HOUSTON--(BUSINESS WIRE)-- Exterran Partners, L.P. (NAS: EXLP) today reported EBITDA, as further adjusted (as defined below), of $48.9 million for the fourth quarter 2012, compared to $46.2 million for the third quarter 2012 and $37.5 million for the fourth quarter 2011. Distributable cash flow (as defined below) was $34.2 million for the fourth quarter 2012, compared to $29.5 million for the third quarter 2012 and $24.5 million for the fourth quarter 2011.

Revenue was $102.3 million for the fourth quarter 2012, compared to $99.3 million for the third quarter 2012 and $83.3 million for the fourth quarter 2011.


Net income was $14.7 million for the fourth quarter 2012, or $0.31 per diluted limited partner unit, compared to net income of $10.4 million, or $0.21 per diluted limited partner unit, for the third quarter 2012, and net income of $4.5 million, or $0.10 per diluted limited partner unit, for the fourth quarter 2011.

EBITDA, as further adjusted, was $180.0 million for 2012, compared to $139.3 million for 2011. Distributable cash flow totaled $118.0 million for 2012, compared to $90.3 million in 2011.

Revenue was $387.5 million for 2012, compared to $308.3 million for 2011. Net income for 2012 was $10.5 million, or $0.14 per diluted limited partner unit, compared to net income of $6.1 million, or $0.09 per diluted limited partner unit, for 2011.

"In 2012, we continued to grow the Partnership through the execution of our drop-down strategy with Exterran Holdings.

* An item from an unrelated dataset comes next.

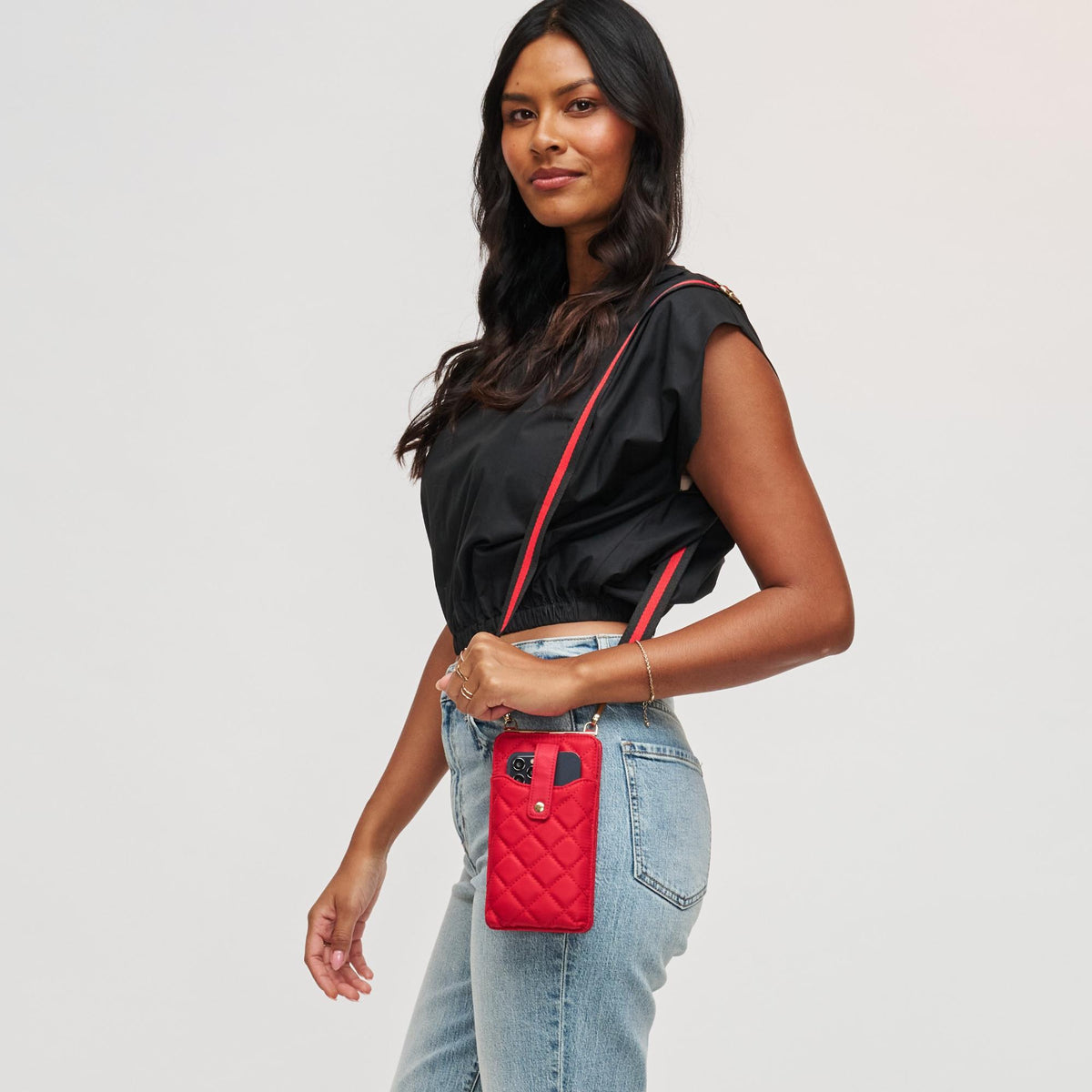 Woman wearing Red Sol and Selene Duality - Quilted Cell Phone Crossbody 840611182272 View 2 | Red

We also invested in new fleet units to modernize and position our fleet for growth. Additionally, we benefitted from the implementation of performance improvement initiatives by Exterran Holdings," said Brad Childers, Chairman, President and Chief Executive Officer of Exterran Partners' managing general partner.

"In the fourth quarter, Exterran Partners reported its second consecutive quarter of solid organic growth, as operating horsepower increased by 50,000. Distributable cash flow increased by 16% compared to the third quarter 2012, to a quarterly record of $34.2 million.

"We are optimistic about the overall outlook in 2013 and beyond driven by the continuing industry development of infrastructure in liquids rich and shale plays in the United States and the implementation of our growth strategies, though organic growth in the first half of the year is expected to be modest."

For the fourth quarter 2012, Exterran Partners' quarterly cash distribution was $0.5125 per limited partner unit, or $2.05 per limited partner unit on an annualized basis. The fourth-quarter 2012 distribution was $0.005 per limited partner unit higher than the third-quarter 2012 distribution of $0.5075 per limited partner unit and $0.02 per limited partner unit higher than the fourth-quarter 2011 distribution of $0.4925 per limited partner unit.

Conference Call Details

Exterran Partners and Exterran Holdings, Inc. will host a joint conference call on Tuesday, Feb. 26, 2013, to discuss their fourth-quarter 2012 financial results. The call will begin at 11:00 a.m. Eastern Time.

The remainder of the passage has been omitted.